Louisiana is also using the mollusks to prevent the erosion of coastal wetlands.
Sandra Stoiber / EyeEm/Getty Images
- Flooding caused by rising sea levels has increased by 247% in some areas of New York since 2000.
- The nonprofit Billion Oyster Project aims to restore oyster reefs in New York’s five boroughs.
- They create a surprisingly effective flood defense, helping to build coastal resilience.
New York has been experiencing record flooding in recent years as a result of climate change.
Data shows that, since 2000, flooding caused by rising waters has increased by 247% in some areas of New York. Sea levels around the Battery area of New York, for example, have risen by almost nine inches since 1950.
However, in New York, a secret weapon has emerged in the fight against rising sea levels — oysters.

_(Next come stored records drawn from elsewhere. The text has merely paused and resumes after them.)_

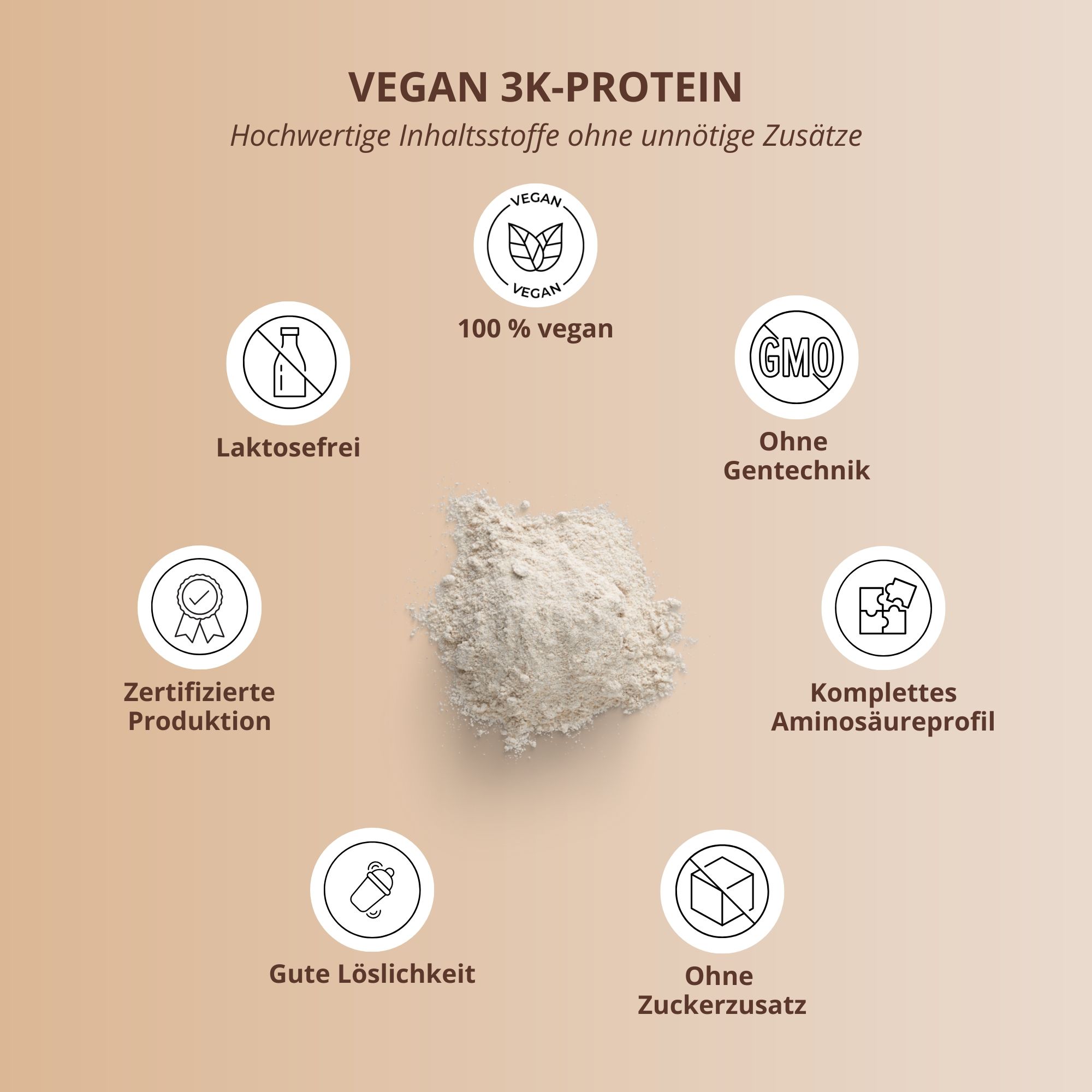 Infografik: nutri+ 'VEGAN 3K PROTEIN' Pulver umgeben von Icons: 100% vegan, laktosefrei, GMO-frei, zertifizierte Produktion, komplettes Aminosäureprofil, gute Löslichkeit, ohne Zuckerzusatz.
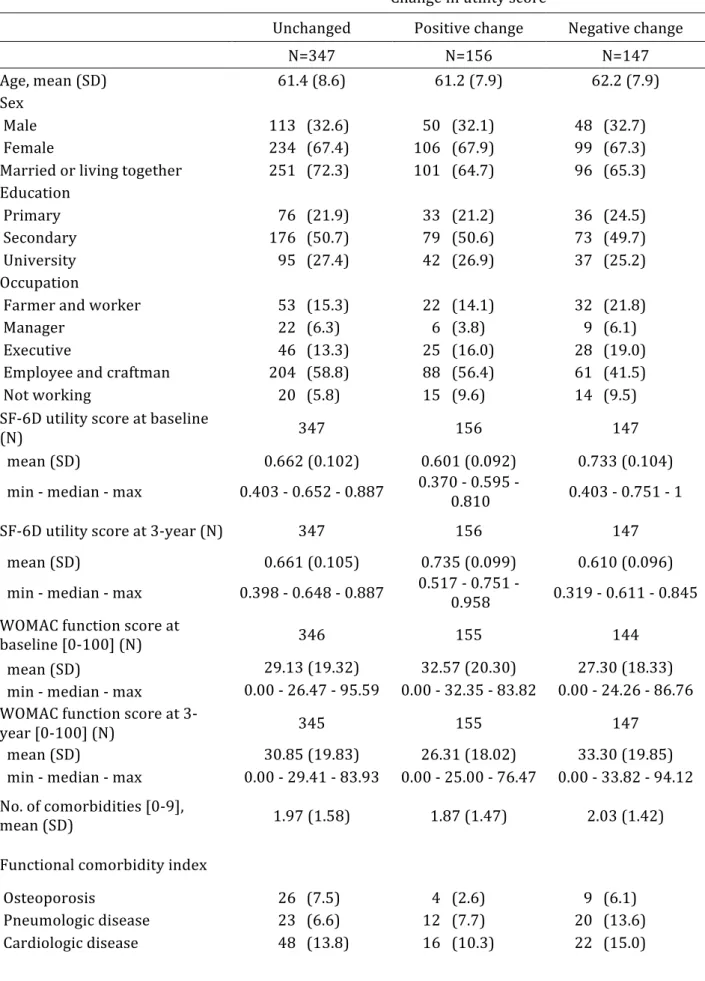 Table  2.  Characteristics  of  patients  with  osteoarthritis  included  in  this  study,  by  change  in  their utility between baseline and 3-year according to the MID (n=650)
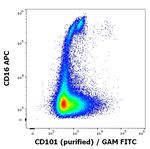 CD101 Antibody in Flow Cytometry (Flow)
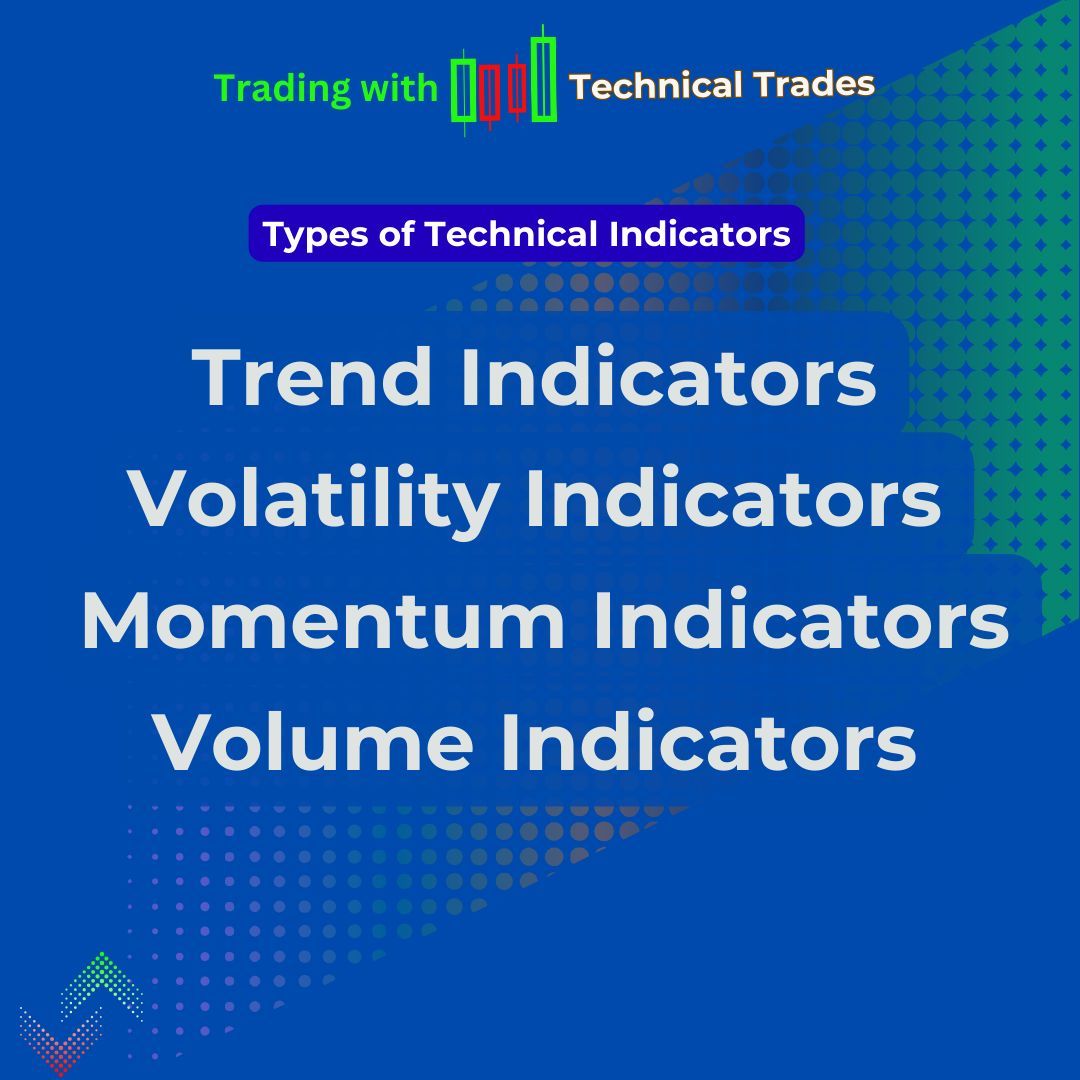 TheViralScroll's tweet image. 𝑹𝒆𝒎𝒆𝒎𝒃𝒆𝒓, 𝒕𝒓𝒂𝒅𝒊𝒏𝒈 𝒕𝒂𝒌𝒆𝒔 𝒑𝒓𝒂𝒄𝒕𝒊𝒄𝒆 𝒂𝒏𝒅 𝒑𝒂𝒕𝒊𝒆𝒏𝒄𝒆. 

𝑺𝒕𝒂𝒓𝒕 𝒔𝒎𝒂𝒍𝒍, 𝒇𝒐𝒄𝒖𝒔 𝒐𝒏 𝒍𝒆𝒂𝒓𝒏𝒊𝒏𝒈, 

𝒂𝒏𝒅 𝒅𝒐𝒏&apos;𝒕 𝒃𝒆 𝒅𝒊𝒔𝒄𝒐𝒖𝒓𝒂𝒈𝒆𝒅 𝒃𝒚 𝒔𝒆𝒕𝒃𝒂𝒄𝒌𝒔. 

-
🚀💰
#StockMarket #TradingTips
#BeginnerFriendly #Investing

The World Economic Forum explained how these mollusks can make a surprisingly effective natural flood defense.
Behind the idea is the Billion Oyster Project, which has restored oysters on reefs in 15 locations in the five boroughs of the city.
11.2 million oysters have been added over the past 6 months to a section of the Hudson River off the coast of Lower Manhattan, where they’re helping to filter water and create habitats for other marine species, The New York Times reported.
Mollusks can soften the impact of large waves, reduce flooding, and prevent coastal erosion.
These abilities are supported by research published in Ecological Engineering, which explained that eco-engineered reefs provide a useful tool to help build coastal resilience in the face of climate change and rising sea levels.
The Billion Oyster project plans to restore 100 million oysters in New York Harbor over the next five years. In addition to mitigating flooding, water quality will be greatly improved and wildlife will re-emerge.
New York isn’t the only place in the US using oysters to tackle rising sea levels. The BBC reported that Louisiana is also using the mollusks to prevent the erosion of coastal wetlands.